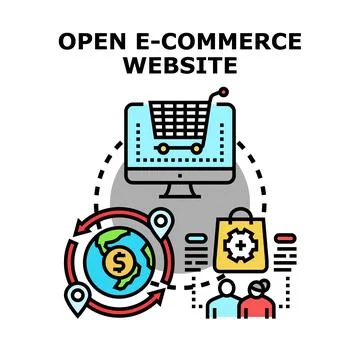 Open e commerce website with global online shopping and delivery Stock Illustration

-------

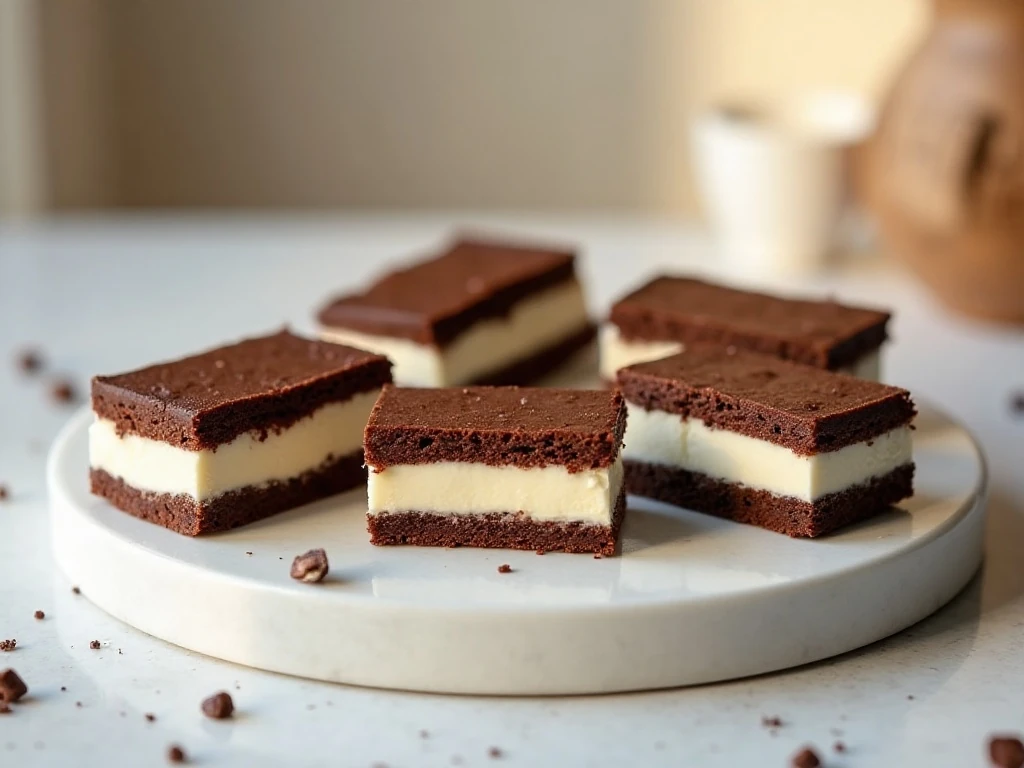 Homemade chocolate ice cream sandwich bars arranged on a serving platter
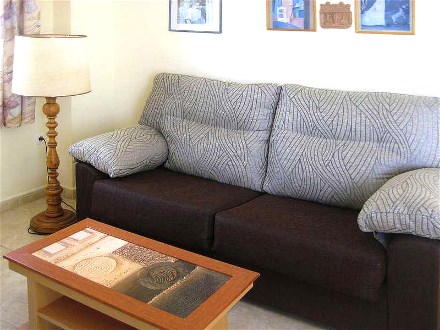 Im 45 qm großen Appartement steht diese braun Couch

-------

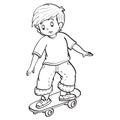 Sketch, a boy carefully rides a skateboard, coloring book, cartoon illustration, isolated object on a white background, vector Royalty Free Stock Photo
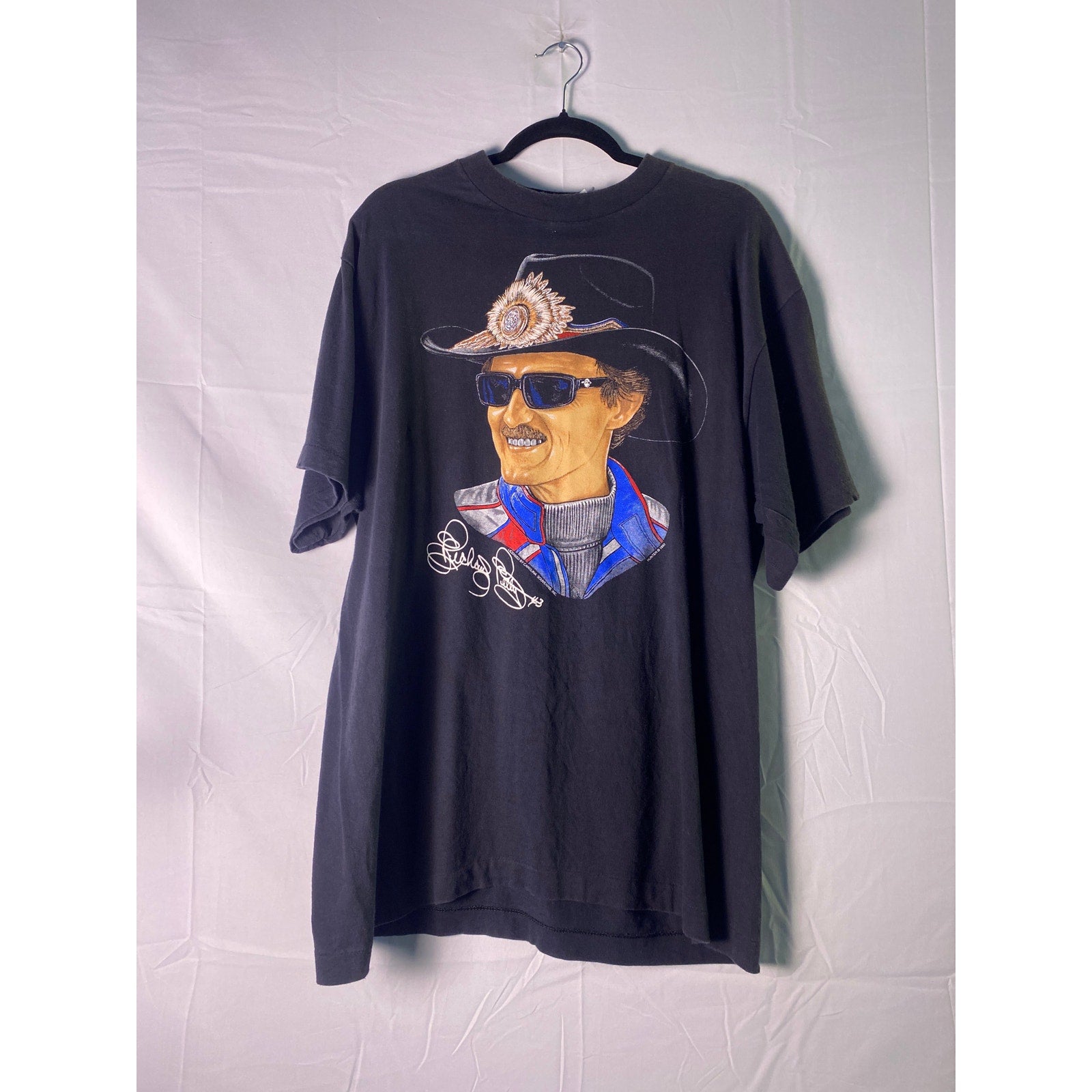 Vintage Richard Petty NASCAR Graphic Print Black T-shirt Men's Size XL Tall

-------

== TASK OBJECTIVE ==
Both boundary lines included, write out word for word only the lines above from the one containing "Homemade chocolate ice" to the one containing "Im 45 qm großen", leaving out any pictures.

== ANSWER FOR THE TASK ==
 Homemade chocolate ice cream sandwich bars arranged on a serving platter
 Im 45 qm großen Appartement steht diese braun Couch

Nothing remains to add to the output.